On the regulatory front, SEBI first covered the aspects of robo-advisors in its discussion paper released in 2016. However, SEBI took the view that such automated tools will have to comply with the existing provisions of SEBI (Investment Advisers) Regulations, 2013—or IA Regulations—which had been framed for individuals and entities offering investment advisory services (often referred to as RIAs). SEBI also proposed additional compliance requirements.
However, specific regulations for automated investment tools are yet to be framed. It is in this light that the recent amendments to IA Regulations become even more relevant.
A significant change introduced has been the separation of an IA’s distribution and advisory roles. Other key changes introduced by the amendments include net worth requirements of Rs 50 lakh for non-individual requirements and the diktat for all ‘persons associated with the advice’ to have NISM (National Institute of Securities Markets) certifications, and experience of two years in activities related to advice in financial products or asset management.
Such requirements raise the question whether IA Regulations are tailored to new-age automated advisors, which often have no human interface. A way to resolve this could be by granting a licence and imposing post-authorisation audit requirement. A similar approach has been followed by the Monetary Authority of Singapore (MAS)—the central bank of Singapore.
In late 2019, SEBI came up with another circular aimed at regulating RIAs by way of which a restriction was imposed on RIAs from providing free trials for any products and services. SEBI also restricted RIAs from accepting part payments for any products or services offered by them. It stipulated that advisers would be required to obtain prior consent and carry out risk profiling for all customers. Such requirements could have unintended consequences for mobile-based apps. In case SEBI’s concern is that such automated tools may not be suitable for everyone, it could consider requiring mobile apps to put controls in place (such as knock-out questions) to identify and eliminate clients who are unsuitable for using such tools for investment.
A separate but related perspective is fund-raising for such new-age start-ups. Under FDI norms, foreign investment is permitted for entities engaged in ‘financial services activities’. However, the FDI policy clarifies that the automatic route is available for only such investee companies whose activities are clearly regulated by a financial services regulator.

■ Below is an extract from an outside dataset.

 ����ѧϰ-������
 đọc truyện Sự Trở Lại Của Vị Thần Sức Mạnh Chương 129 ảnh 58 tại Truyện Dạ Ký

In case where the activities are only partly regulated, exempted, or where a doubt exists with respect to regulatory oversight, foreign investment is permitted only under the government-approval route. Minimum capitalisation requirements have also been imposed by the Ministry of Finance for unregulated financial services activities. In contrast, no minimum capitalisation hurdles exist for regulated financial services activities.
This distinction imposes a conundrum for new-age businesses at the time of fund-raising. Often, such robo-advisors do not handle customer funds, providing only KYC services to the customers. A question for legal practitioners advising such fintech start-ups is whether the investee company should be treated as a provider of unregulated financial services vis-à-vis a mere technology company? The classification has far-reaching consequences, especially for fledgling companies seeking seed/VC stage funding where the minimum capitalisation requirement can play a disruptive role.
It is important for SEBI’s regulatory framework to pave the way for a technologically-balanced regime that encourages non-fund based financial services providers to use the latest technologies.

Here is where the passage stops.